Quando a agenda cheia vira um problema de gestão

em Carreira e Mercado de Trabalho
sexta-feira, 18 de setembro de 2026

Expansão do setor exige que tatuadores conciliem técnica custos estrutura e experiência do cliente

Entre as novas empresas ativas de serviços de tatuagem e colocação de piercing em 2025, 95,9% foram registradas como Microempreendedor Individual, o equivalente a 5.028 estabelecimentos, segundo o Observatório do Sebrae, com dados da Receita Federal. O número ajuda a dimensionar um setor em que muitos profissionais transformam uma habilidade artística em negócio e passam a assumir responsabilidades que vão além da execução técnica.

Felipe Luiz Petruy, tatuador, empresário e mentor especializado em realismo preto e cinza e retratismo, viveu essa transição na prática. Começou profissionalmente na tatuagem em 2019, abriu o próprio estúdio em Araucária, na Região Metropolitana de Curitiba, no ano seguinte e, em 2023, transferiu a operação para um espaço maior diante do aumento da procura por atendimentos e mentorias.

Ao longo desse processo, Petruy passou a receber também artistas como MC Drika, Salvador da Rima, MC Pedrinho e MC Vitão do Savoy. A ampliação da procura trouxe uma nova questão para a rotina: além de aperfeiçoar técnica e portfólio, tornou-se necessário administrar estrutura, materiais, custos, atendimento e capacidade de entrega.

“Existe um momento em que saber tatuar deixa de ser a única preocupação. Quando o movimento cresce, começam a aparecer decisões sobre agenda, estrutura, materiais, custos, atendimento e organização do espaço. Se o profissional não aprende a olhar para isso, a parte artística pode estar funcionando muito bem, mas o negócio começa a apresentar problemas”, afirma Petruy.

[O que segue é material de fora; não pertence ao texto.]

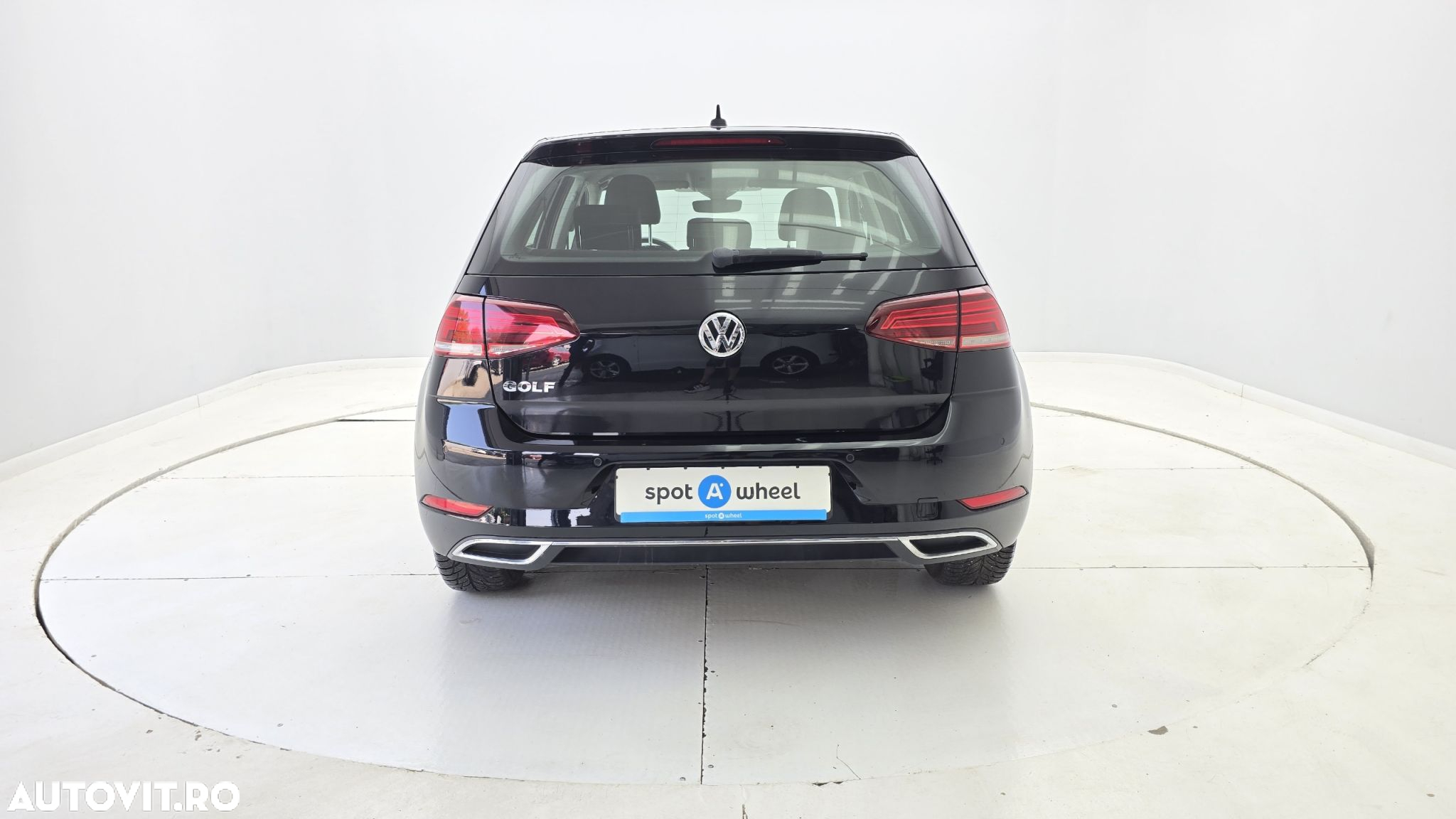 Volkswagen Golf - 7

A mudança de profissional autônomo para gestor traz responsabilidades que nem sempre fazem parte da formação técnica. Precificação, controle financeiro, compra de materiais, relacionamento com fornecedores, organização da rotina e acompanhamento dos clientes passam a dividir espaço com desenhos e sessões.

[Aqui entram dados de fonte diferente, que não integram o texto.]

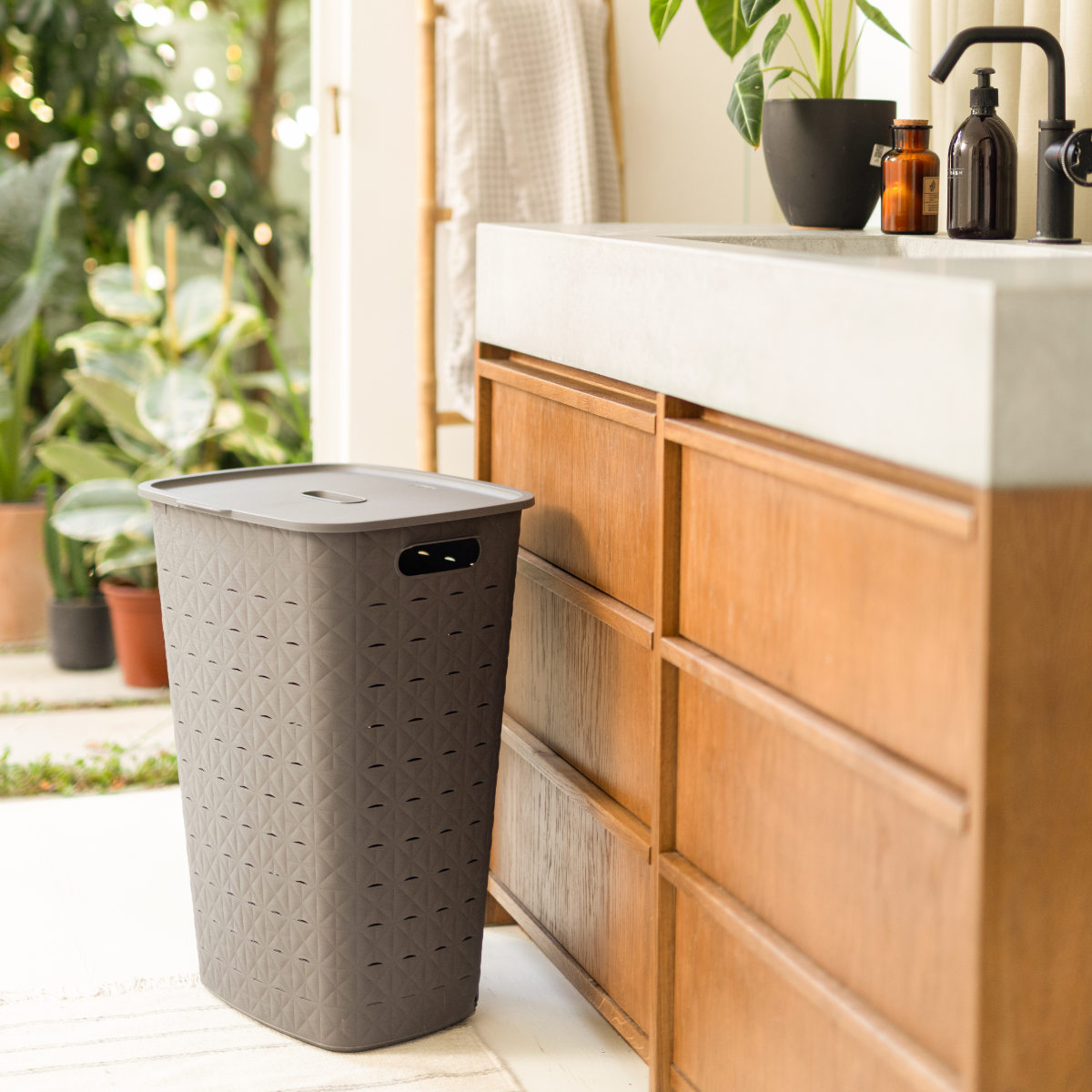 ランドリーバスケット CURVER ソフテックス フタ付き 56L ( カーバー Softex バスケット ランドリー 持ち手付 樹脂 洗濯 脱衣かご 洗濯かご 蓋付き 収納 おもちゃ 水回り 脱衣所 キルティング風 ) 【ブルー】 ブルー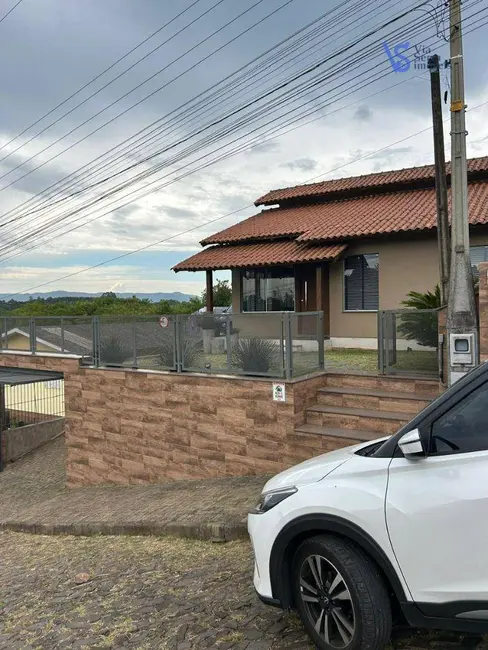 Foto 1 de Casa com 3 quartos à venda, 378m2 em Petrópolis, Taquara - RS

No caso dos estúdios de tatuagem, há ainda uma responsabilidade relacionada à saúde. A Agência Nacional de Vigilância Sanitária informa que a atividade é considerada de interesse para a saúde e que o funcionamento do estabelecimento exige licença sanitária emitida pelo órgão municipal competente. Os locais também precisam manter registros dos clientes e dos procedimentos realizados.

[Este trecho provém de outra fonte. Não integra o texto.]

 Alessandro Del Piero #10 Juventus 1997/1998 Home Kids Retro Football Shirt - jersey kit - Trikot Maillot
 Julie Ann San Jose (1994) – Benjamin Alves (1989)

“Quando alguém abre um estúdio, não está criando apenas um lugar para tatuar. Existe uma responsabilidade com quem entra naquele espaço. Organização, higiene, procedência dos materiais e cuidado com cada etapa do atendimento fazem parte do trabalho tanto quanto a execução da tatuagem”, diz Felipe.

A Anvisa também orienta consumidores a verificar se o estabelecimento possui autorização para funcionar e mantém condições adequadas de estrutura, conservação e higiene. Equipamentos e utensílios reutilizáveis, quando aplicável, precisam passar pelos processos necessários de limpeza, desinfecção ou esterilização. A agência atualizou essas orientações em abril de 2026.

Da cadeira para a operação
Uma agenda ocupada pode indicar crescimento da procura, mas também expõe limites de capacidade, prazos e estrutura. Para Petruy, essa percepção ficou mais clara quando o aumento dos atendimentos levou à mudança do estúdio para um espaço maior.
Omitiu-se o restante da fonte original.